Available data »

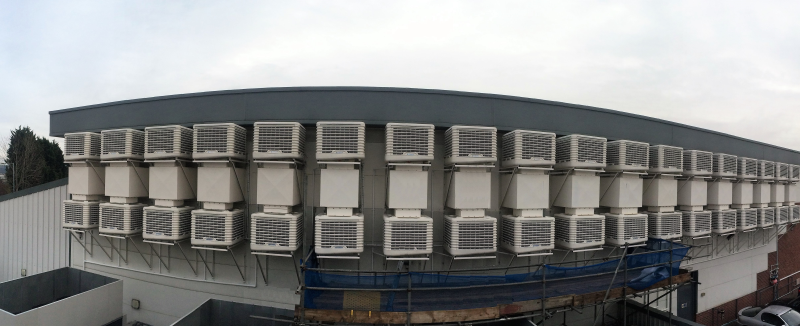01 REDUCE YOUR COOLING COSTS BY 90% with EcoCooling’s direct evaporative cooling, ventilation and control systems.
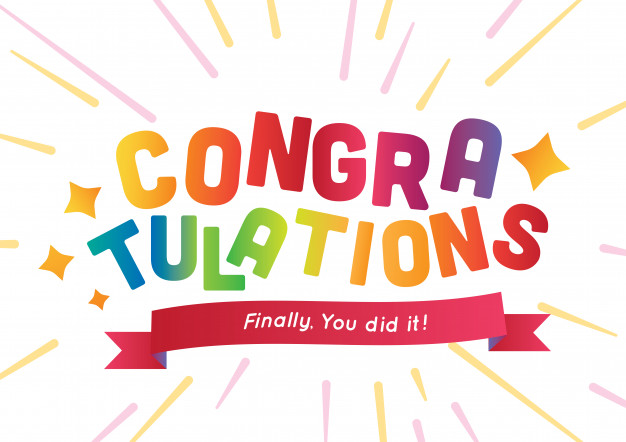 626x442 Rainbow Letting Congratulations Background Vector Vector Premium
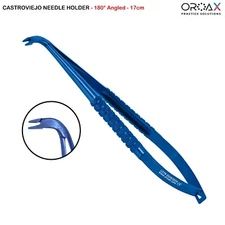 Surgical Needle Holder Microsurgery Castroviejo Dental Tissue Suturing Tool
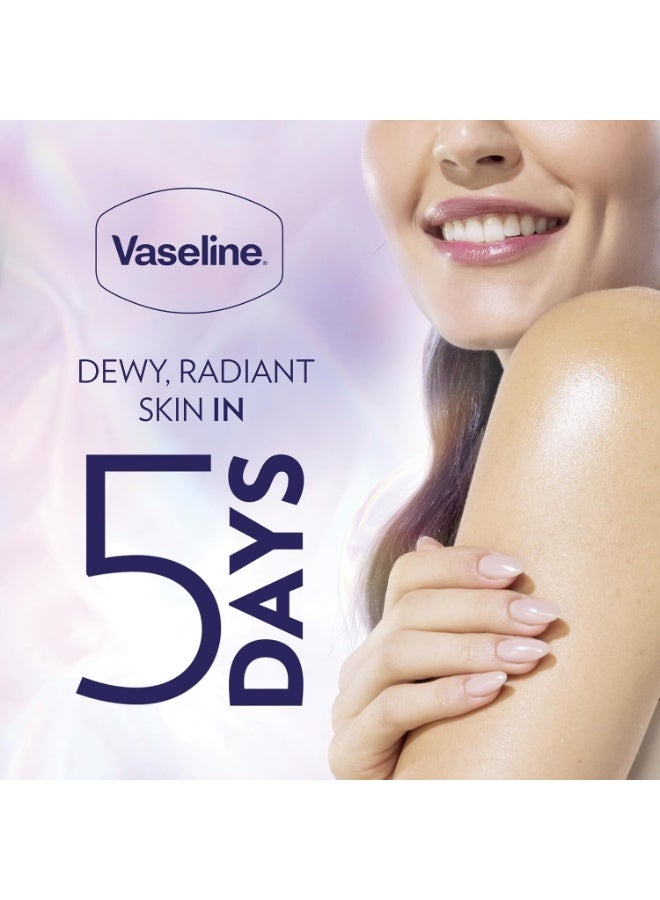 Vaseline Gluta-Hya Dewy Radiance Serum Burst Lotion Moisturiser – Body Lotion with GlutaGlow™, Niacinamide, Hyaluron & Antioxidants 10x Stronger Than Vitamin C*, For Radiant, Dewy Skin in 5 Days 200ml - Image 5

The task » Return exactly the lines from the line with "Surgical Needle Holder" through the last line of the data above, both included; pictures do not go in the answer.

Response to this exercise »
 Surgical Needle Holder Microsurgery Castroviejo Dental Tissue Suturing Tool
 Vaseline Gluta-Hya Dewy Radiance Serum Burst Lotion Moisturiser – Body Lotion with GlutaGlow™, Niacinamide, Hyaluron & Antioxidants 10x Stronger Than Vitamin C*, For Radiant, Dewy Skin in 5 Days 200ml - Image 5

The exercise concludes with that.